You should not assume that users are rational or have sizeable knowledge about technology. You must design things so that your average user won't fuck up too much. If no one ever did mistakes, we would not need many of the things that we have, but not all people are nerds that know about those things.
getting a proper SSL certificate for your website which handles credit cards and user data is pretty ridiculous
Payments are done via other providers,
BUT, if there is MITM attack, attacker can put his own payment links to his own sketchy credit card logging sites, so I think that even if payments are technically handled off site, the site still takes great risks as people trust the domain which can contain links to payment sites which the users of course also thus trust.
Just get a proper certificate. It takes some maintenance, but security seems expensive until you get compromised or your users get compromised.
Question has not been about the monetary or time cost for a long time, but principles and opinions about how certificates should work. Resistance to not to yield into the system.
For those that worried about whether the cert here is issued by a CA or self-signed, let me give you an exercise. Go out and read all the fine print on that certificate and figure out hard hard they are to get. Literally anyone can get a certificate now, even if they've previously had certificates revoked for online chicanery. The CA system has killed itself, and I'll trust my own research for small websites over whatever bullshit these free certs claim to represent.
But the point of certificate is not that the owner would be "trustworthy" in general, but that the owner of the certificate also owns the site that it has been given out for, and that they still do quite well.
The general advice to check that the url is correct and that there is a green lock is pretty good for the general public and simple enough for most people to follow.

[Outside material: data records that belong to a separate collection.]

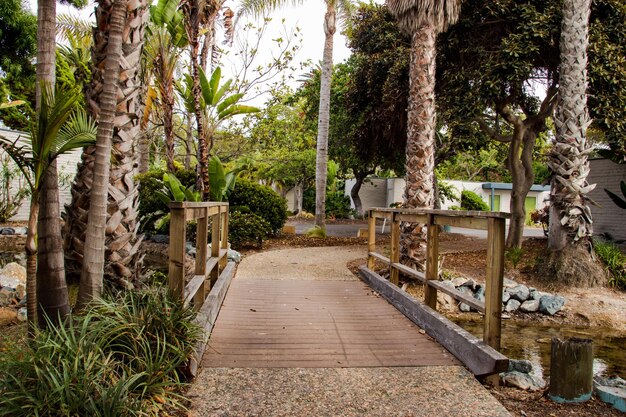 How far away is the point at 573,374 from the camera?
3.49 meters

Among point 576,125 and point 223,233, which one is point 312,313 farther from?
point 576,125

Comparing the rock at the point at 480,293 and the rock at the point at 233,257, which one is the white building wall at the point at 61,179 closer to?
the rock at the point at 233,257

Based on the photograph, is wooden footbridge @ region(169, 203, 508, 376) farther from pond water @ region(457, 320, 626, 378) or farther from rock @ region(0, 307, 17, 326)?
rock @ region(0, 307, 17, 326)

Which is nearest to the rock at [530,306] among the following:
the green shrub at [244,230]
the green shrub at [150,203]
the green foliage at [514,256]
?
the green foliage at [514,256]

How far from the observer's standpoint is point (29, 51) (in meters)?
19.0

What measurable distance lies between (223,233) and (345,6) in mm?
10513

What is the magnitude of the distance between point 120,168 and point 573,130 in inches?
342

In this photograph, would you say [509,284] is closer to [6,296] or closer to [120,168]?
[120,168]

HTTPS Everywhere installed and activated by default
If you still think that it can magically turn HTTP sites into HTTPS you are wrong, it just rewrites the url to https, so the original server must of course still support https.
Let's not forget the Javascript contained on this website, too, if we're worried about data security. That's something Google themed browsers don't warn you about, yet is more dangerous than self-signed certificates.
I would say that the forum software used is pretty safe as its so old and (was)popular, most critical flaws have probably already been found!
People on this thread are worried about username+password leaking and also malicious user setting his own payment links so that the money/cc info gets stolen.